In the following I limit discussion to the particular expression $$ΔU = ΔH - pΔV$$
which follows (spoiler alert) from $$H\equiv U+pV$$ when the pressure $p$ of the system (the container) is identical at the beginning and end of the process.
- Is the pressure outside the container assumed to always be constant?
For an isobaric process such as the stated process involving zinc, by definition yes. Generally speaking the expansion work in the 1st Law is written $$dw = -p_{ext}dV$$ where $p_{ext}$ is the pressure of the surroundings against which the system does work. If $p_{ext}$ is constant work is still against or by the pressure of the surroundings and the integral can be evaluated as $$w=-p_{ext}\Delta V $$ For a reversible process the pressure of the system and surroundings are equal and we evaluate $$w=-\int_{Vi}^{Vf} pdV$$ where $p$ is the pressure of the system.
- Is the pressure inside the container assumed to always be constant? I assume no looking at the graph of Boyle's Law.
In the case of a reversible process against constant external pressure, yes.
BTW Boyle's law ($p \propto V^{-1}$) does not consider changes in the number of particles during a reaction.
- For expansion of the gas, work is done by the system (i.e. the gas in the container) on the surroundings, so is p the pressure of the surroundings as work is done against the pressure of the surroundings?
The pressure of the system (container) and surroundings are assumed to be equal (balanced) for a reversible process. However, if the pressure of the system is greater than that of the surroundings (the latter assumed constant) then the work is still $$w=-p_{ext}\Delta V$$
This doesn't seem to be the case in several examples in my lecture notes: e.g. calculate the work done against pressure of 1 bar at 298 K when 1 mol of zinc is dissolved in aq. HCl
$pV$ work involves a change in volume. Here the volume change is due to formation of gas which causes the pressure in the container to increase by an infinitesimal amount $\mathrm{d}p$. The gas pushes against the piston, increasing the volume and returning the system to mechanical equilibrium when the internal pressure equals the external pressure $p$.
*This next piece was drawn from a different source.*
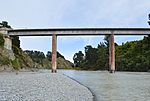 photo of a bridge high above over a river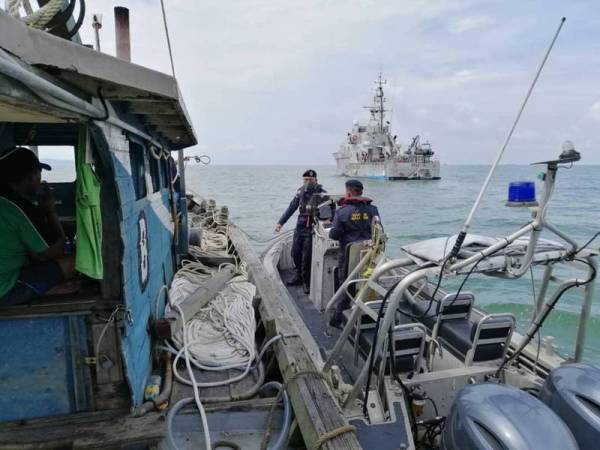 Anggota APMM membantu tiga nelayan yang tersadai di tengah laut selepas bot yang dinaiki rosak dan bocor di selatan Sungai Rengit, Kota Tinggi, Johor semalam.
- For compression of the gas, work is done by the surroundings on the system, so is p the pressure of the gas in the container as work is done against this pressure?
Assuming no chemical processes, compression requires the surrounding pressure to be higher than that of the system. It suffices that the difference be infinitesimal in magnitude, resulting in a reversible process. During such a process, the pressure $p$ of the system may vary during the entire process, remaining always equal (to within an infinitesimal amount) to the applied pressure.